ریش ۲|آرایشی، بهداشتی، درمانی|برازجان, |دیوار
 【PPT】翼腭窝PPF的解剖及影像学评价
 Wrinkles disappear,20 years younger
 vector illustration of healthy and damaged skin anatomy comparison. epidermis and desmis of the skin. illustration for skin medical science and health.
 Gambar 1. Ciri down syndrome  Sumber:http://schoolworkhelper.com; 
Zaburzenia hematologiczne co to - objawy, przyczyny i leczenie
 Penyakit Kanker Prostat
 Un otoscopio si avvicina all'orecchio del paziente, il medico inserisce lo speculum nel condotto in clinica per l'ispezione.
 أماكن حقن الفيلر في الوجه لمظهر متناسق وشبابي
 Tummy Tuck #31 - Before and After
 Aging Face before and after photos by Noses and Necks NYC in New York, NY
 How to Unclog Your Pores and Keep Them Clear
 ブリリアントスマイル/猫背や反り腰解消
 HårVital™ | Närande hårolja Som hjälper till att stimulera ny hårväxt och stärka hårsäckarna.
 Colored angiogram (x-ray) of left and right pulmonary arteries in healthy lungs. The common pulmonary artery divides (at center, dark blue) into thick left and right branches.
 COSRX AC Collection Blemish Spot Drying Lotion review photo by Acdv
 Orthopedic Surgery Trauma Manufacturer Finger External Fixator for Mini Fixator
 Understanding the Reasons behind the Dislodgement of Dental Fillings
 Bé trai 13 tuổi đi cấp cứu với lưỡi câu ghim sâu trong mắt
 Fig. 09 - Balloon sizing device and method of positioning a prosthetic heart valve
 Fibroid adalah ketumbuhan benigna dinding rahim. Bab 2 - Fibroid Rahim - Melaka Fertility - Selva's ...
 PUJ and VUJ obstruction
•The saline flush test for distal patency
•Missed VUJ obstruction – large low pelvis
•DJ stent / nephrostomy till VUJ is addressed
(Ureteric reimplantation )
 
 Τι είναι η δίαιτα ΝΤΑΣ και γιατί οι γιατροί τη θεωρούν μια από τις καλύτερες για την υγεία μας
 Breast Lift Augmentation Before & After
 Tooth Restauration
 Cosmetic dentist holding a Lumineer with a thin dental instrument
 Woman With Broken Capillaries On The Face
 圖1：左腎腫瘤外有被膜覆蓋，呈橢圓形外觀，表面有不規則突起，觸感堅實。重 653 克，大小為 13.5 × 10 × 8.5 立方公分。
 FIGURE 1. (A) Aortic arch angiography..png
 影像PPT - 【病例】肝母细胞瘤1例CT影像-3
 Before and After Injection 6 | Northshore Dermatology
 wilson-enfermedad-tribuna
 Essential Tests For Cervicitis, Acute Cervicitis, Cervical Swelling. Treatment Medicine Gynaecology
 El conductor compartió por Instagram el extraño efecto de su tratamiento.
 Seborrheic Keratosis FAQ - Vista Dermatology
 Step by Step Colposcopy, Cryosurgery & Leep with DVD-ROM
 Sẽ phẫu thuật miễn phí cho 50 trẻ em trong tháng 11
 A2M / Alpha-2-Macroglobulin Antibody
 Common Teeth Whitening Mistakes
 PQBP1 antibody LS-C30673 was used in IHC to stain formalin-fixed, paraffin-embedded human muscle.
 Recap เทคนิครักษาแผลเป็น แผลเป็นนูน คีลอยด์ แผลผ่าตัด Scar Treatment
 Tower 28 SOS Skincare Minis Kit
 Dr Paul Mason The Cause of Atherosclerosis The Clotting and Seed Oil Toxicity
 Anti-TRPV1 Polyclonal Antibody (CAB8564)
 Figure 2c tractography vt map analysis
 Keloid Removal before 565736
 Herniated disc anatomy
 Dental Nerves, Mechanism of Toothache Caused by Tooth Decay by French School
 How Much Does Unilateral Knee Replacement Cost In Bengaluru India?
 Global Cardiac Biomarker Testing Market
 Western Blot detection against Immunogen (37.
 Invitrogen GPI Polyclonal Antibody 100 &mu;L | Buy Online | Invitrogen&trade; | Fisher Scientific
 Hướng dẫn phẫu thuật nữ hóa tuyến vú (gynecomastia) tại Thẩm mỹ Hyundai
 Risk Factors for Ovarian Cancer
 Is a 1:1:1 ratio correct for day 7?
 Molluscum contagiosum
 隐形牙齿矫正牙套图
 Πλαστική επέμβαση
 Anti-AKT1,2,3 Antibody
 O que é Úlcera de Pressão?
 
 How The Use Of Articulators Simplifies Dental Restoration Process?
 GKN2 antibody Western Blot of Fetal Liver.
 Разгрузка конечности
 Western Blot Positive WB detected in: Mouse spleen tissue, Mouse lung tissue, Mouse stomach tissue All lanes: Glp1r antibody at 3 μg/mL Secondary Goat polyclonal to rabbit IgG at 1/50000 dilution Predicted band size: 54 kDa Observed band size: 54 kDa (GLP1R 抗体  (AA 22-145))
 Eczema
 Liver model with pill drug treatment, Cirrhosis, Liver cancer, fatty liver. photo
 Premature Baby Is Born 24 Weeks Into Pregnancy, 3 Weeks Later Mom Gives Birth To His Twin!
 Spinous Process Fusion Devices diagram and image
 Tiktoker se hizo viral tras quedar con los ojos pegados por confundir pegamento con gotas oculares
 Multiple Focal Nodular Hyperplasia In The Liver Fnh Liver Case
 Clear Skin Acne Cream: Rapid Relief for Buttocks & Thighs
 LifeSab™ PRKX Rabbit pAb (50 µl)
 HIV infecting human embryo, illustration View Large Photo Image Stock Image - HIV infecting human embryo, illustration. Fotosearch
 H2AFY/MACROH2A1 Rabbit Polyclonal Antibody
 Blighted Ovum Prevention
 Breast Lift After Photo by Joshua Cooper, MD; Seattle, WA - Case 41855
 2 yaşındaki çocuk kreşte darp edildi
********************
**EXERCISE BRIEF**
Would you please transcribe all of the entries above exactly?

**RESULT BELOW**
ریش ۲|آرایشی، بهداشتی، درمانی|برازجان, |دیوار
 【PPT】翼腭窝PPF的解剖及影像学评价
 Wrinkles disappear,20 years younger
 vector illustration of healthy and damaged skin anatomy comparison. epidermis and desmis of the skin. illustration for skin medical science and health.
 Gambar 1. Ciri down syndrome  Sumber:http://schoolworkhelper.com; 
Zaburzenia hematologiczne co to - objawy, przyczyny i leczenie
 Penyakit Kanker Prostat
 Un otoscopio si avvicina all'orecchio del paziente, il medico inserisce lo speculum nel condotto in clinica per l'ispezione.
 أماكن حقن الفيلر في الوجه لمظهر متناسق وشبابي
 Tummy Tuck #31 - Before and After
 Aging Face before and after photos by Noses and Necks NYC in New York, NY
 How to Unclog Your Pores and Keep Them Clear
 ブリリアントスマイル/猫背や反り腰解消
 HårVital™ | Närande hårolja Som hjälper till att stimulera ny hårväxt och stärka hårsäckarna.
 Colored angiogram (x-ray) of left and right pulmonary arteries in healthy lungs. The common pulmonary artery divides (at center, dark blue) into thick left and right branches.
 COSRX AC Collection Blemish Spot Drying Lotion review photo by Acdv
 Orthopedic Surgery Trauma Manufacturer Finger External Fixator for Mini Fixator
 Understanding the Reasons behind the Dislodgement of Dental Fillings
 Bé trai 13 tuổi đi cấp cứu với lưỡi câu ghim sâu trong mắt
 Fig. 09 - Balloon sizing device and method of positioning a prosthetic heart valve
 Fibroid adalah ketumbuhan benigna dinding rahim. Bab 2 - Fibroid Rahim - Melaka Fertility - Selva's ...
 PUJ and VUJ obstruction
•The saline flush test for distal patency
•Missed VUJ obstruction – large low pelvis
•DJ stent / nephrostomy till VUJ is addressed
(Ureteric reimplantation )
 
 Τι είναι η δίαιτα ΝΤΑΣ και γιατί οι γιατροί τη θεωρούν μια από τις καλύτερες για την υγεία μας
 Breast Lift Augmentation Before & After
 Tooth Restauration
 Cosmetic dentist holding a Lumineer with a thin dental instrument
 Woman With Broken Capillaries On The Face
 圖1：左腎腫瘤外有被膜覆蓋，呈橢圓形外觀，表面有不規則突起，觸感堅實。重 653 克，大小為 13.5 × 10 × 8.5 立方公分。
 FIGURE 1. (A) Aortic arch angiography..png
 影像PPT - 【病例】肝母细胞瘤1例CT影像-3
 Before and After Injection 6 | Northshore Dermatology
 wilson-enfermedad-tribuna
 Essential Tests For Cervicitis, Acute Cervicitis, Cervical Swelling. Treatment Medicine Gynaecology
 El conductor compartió por Instagram el extraño efecto de su tratamiento.
 Seborrheic Keratosis FAQ - Vista Dermatology
 Step by Step Colposcopy, Cryosurgery & Leep with DVD-ROM
 Sẽ phẫu thuật miễn phí cho 50 trẻ em trong tháng 11
 A2M / Alpha-2-Macroglobulin Antibody
 Common Teeth Whitening Mistakes
 PQBP1 antibody LS-C30673 was used in IHC to stain formalin-fixed, paraffin-embedded human muscle.
 Recap เทคนิครักษาแผลเป็น แผลเป็นนูน คีลอยด์ แผลผ่าตัด Scar Treatment
 Tower 28 SOS Skincare Minis Kit
 Dr Paul Mason The Cause of Atherosclerosis The Clotting and Seed Oil Toxicity
 Anti-TRPV1 Polyclonal Antibody (CAB8564)
 Figure 2c tractography vt map analysis
 Keloid Removal before 565736
 Herniated disc anatomy
 Dental Nerves, Mechanism of Toothache Caused by Tooth Decay by French School
 How Much Does Unilateral Knee Replacement Cost In Bengaluru India?
 Global Cardiac Biomarker Testing Market
 Western Blot detection against Immunogen (37.
 Invitrogen GPI Polyclonal Antibody 100 &mu;L | Buy Online | Invitrogen&trade; | Fisher Scientific
 Hướng dẫn phẫu thuật nữ hóa tuyến vú (gynecomastia) tại Thẩm mỹ Hyundai
 Risk Factors for Ovarian Cancer
 Is a 1:1:1 ratio correct for day 7?
 Molluscum contagiosum
 隐形牙齿矫正牙套图
 Πλαστική επέμβαση
 Anti-AKT1,2,3 Antibody
 O que é Úlcera de Pressão?
 
 How The Use Of Articulators Simplifies Dental Restoration Process?
 GKN2 antibody Western Blot of Fetal Liver.
 Разгрузка конечности
 Western Blot Positive WB detected in: Mouse spleen tissue, Mouse lung tissue, Mouse stomach tissue All lanes: Glp1r antibody at 3 μg/mL Secondary Goat polyclonal to rabbit IgG at 1/50000 dilution Predicted band size: 54 kDa Observed band size: 54 kDa (GLP1R 抗体  (AA 22-145))
 Eczema
 Liver model with pill drug treatment, Cirrhosis, Liver cancer, fatty liver. photo
 Premature Baby Is Born 24 Weeks Into Pregnancy, 3 Weeks Later Mom Gives Birth To His Twin!
 Spinous Process Fusion Devices diagram and image
 Tiktoker se hizo viral tras quedar con los ojos pegados por confundir pegamento con gotas oculares
 Multiple Focal Nodular Hyperplasia In The Liver Fnh Liver Case
 Clear Skin Acne Cream: Rapid Relief for Buttocks & Thighs
 LifeSab™ PRKX Rabbit pAb (50 µl)
 HIV infecting human embryo, illustration View Large Photo Image Stock Image - HIV infecting human embryo, illustration. Fotosearch
 H2AFY/MACROH2A1 Rabbit Polyclonal Antibody
 Blighted Ovum Prevention
 Breast Lift After Photo by Joshua Cooper, MD; Seattle, WA - Case 41855
 2 yaşındaki çocuk kreşte darp edildi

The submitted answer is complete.